AIM OF THE TASK -
Write out exactly the lines below that run from the one containing "سعودية تسرق مجوهرات" through the one containing "angel_white25 public webcam profile photo 2", both included, with no other lines.
====== DATA TO PROCESS ======
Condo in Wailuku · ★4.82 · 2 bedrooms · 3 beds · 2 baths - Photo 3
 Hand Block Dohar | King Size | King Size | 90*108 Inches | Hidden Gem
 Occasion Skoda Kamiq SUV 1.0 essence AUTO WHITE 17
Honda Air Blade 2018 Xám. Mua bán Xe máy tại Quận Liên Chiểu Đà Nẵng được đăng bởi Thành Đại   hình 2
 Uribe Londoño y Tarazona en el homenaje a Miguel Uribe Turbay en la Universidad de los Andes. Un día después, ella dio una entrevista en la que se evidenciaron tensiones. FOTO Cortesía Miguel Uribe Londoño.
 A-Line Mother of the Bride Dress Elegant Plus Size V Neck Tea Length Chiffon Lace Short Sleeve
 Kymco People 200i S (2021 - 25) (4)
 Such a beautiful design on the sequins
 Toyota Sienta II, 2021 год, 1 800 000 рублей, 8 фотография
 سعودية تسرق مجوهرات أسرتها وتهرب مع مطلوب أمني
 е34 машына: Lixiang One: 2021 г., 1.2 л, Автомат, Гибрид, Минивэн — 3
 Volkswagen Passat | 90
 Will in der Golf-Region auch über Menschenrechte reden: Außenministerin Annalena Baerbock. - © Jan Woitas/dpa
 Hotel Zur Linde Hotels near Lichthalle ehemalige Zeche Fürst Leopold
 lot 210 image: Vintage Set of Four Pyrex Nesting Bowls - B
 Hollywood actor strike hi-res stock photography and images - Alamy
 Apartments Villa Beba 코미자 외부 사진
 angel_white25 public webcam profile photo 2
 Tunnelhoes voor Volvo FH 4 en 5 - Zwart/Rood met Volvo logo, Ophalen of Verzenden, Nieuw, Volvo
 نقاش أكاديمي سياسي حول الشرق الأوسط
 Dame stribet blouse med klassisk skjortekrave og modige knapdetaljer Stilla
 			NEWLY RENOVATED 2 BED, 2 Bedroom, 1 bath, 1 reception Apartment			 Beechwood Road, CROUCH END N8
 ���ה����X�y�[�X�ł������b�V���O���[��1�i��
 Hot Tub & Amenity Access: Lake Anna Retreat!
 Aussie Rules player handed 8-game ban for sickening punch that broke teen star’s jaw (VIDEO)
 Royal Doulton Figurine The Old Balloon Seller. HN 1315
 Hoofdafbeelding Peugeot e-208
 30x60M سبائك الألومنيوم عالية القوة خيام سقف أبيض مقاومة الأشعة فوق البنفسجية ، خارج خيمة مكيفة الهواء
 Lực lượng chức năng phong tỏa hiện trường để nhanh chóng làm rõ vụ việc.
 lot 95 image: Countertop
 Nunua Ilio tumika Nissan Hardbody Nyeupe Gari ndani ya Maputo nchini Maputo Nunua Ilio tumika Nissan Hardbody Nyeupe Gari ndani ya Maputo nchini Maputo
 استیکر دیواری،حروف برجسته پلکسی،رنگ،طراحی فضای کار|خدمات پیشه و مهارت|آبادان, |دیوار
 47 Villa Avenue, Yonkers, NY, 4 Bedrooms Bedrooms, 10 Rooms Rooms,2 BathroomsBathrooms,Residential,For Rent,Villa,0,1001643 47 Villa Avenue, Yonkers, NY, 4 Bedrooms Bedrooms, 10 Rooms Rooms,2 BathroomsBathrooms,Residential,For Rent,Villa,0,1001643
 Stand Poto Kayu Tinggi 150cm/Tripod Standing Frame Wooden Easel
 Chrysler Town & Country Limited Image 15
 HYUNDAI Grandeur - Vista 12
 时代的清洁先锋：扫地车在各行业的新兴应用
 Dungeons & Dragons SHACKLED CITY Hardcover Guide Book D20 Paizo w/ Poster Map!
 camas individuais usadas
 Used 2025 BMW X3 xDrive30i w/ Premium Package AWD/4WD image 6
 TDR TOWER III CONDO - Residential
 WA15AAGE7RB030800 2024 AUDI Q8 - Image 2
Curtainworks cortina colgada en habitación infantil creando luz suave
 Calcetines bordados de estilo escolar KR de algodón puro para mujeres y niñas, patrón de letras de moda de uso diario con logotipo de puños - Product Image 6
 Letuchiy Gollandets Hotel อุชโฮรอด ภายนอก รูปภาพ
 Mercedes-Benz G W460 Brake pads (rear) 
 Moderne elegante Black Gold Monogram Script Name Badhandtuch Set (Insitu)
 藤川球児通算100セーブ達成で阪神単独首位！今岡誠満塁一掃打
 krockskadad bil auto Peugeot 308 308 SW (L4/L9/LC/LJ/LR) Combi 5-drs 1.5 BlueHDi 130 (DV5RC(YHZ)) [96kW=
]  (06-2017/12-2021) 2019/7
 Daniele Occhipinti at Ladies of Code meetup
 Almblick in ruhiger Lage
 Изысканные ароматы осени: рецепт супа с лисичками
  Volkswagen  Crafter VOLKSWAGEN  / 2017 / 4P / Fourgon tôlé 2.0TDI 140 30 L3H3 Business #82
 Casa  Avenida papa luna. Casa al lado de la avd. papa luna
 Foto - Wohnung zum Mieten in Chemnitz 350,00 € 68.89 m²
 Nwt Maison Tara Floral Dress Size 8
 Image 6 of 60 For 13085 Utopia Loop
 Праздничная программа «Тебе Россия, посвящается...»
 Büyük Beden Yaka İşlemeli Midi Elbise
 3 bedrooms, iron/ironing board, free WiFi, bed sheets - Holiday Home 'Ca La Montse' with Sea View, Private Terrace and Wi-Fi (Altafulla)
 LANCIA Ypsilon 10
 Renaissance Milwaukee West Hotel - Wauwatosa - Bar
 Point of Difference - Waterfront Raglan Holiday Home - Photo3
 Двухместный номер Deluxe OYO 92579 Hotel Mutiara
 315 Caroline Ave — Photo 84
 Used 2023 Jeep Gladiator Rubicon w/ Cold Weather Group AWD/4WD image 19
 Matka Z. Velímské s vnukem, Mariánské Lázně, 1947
======
YOUR RESPONSE -
 سعودية تسرق مجوهرات أسرتها وتهرب مع مطلوب أمني
 е34 машына: Lixiang One: 2021 г., 1.2 л, Автомат, Гибрид, Минивэн — 3
 Volkswagen Passat | 90
 Will in der Golf-Region auch über Menschenrechte reden: Außenministerin Annalena Baerbock. - © Jan Woitas/dpa
 Hotel Zur Linde Hotels near Lichthalle ehemalige Zeche Fürst Leopold
 lot 210 image: Vintage Set of Four Pyrex Nesting Bowls - B
 Hollywood actor strike hi-res stock photography and images - Alamy
 Apartments Villa Beba 코미자 외부 사진
 angel_white25 public webcam profile photo 2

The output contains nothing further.